Below is a listing. Quote from it, exactly, the lines from the one containing "Quieta Medium Italic" down to the one containing "Póster U es para Unicorn Alphabet", both ends included, and nothing else.

(Material for the task Opens)

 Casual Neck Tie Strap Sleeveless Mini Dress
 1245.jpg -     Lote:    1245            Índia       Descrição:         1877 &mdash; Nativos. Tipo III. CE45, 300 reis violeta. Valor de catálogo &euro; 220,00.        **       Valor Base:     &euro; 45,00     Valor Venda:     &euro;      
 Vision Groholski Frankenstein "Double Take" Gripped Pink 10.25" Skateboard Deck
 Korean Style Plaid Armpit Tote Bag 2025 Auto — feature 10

(Material for the task Closes)
(Material for the task Opens)

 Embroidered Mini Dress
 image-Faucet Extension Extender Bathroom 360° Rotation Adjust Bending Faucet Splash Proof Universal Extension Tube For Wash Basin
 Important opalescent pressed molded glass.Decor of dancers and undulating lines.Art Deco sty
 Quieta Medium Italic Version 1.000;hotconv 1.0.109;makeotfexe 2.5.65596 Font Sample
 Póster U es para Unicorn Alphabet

(Material for the task Closes)

Answer box:
 Quieta Medium Italic Version 1.000;hotconv 1.0.109;makeotfexe 2.5.65596 Font Sample
 Póster U es para Unicorn Alphabet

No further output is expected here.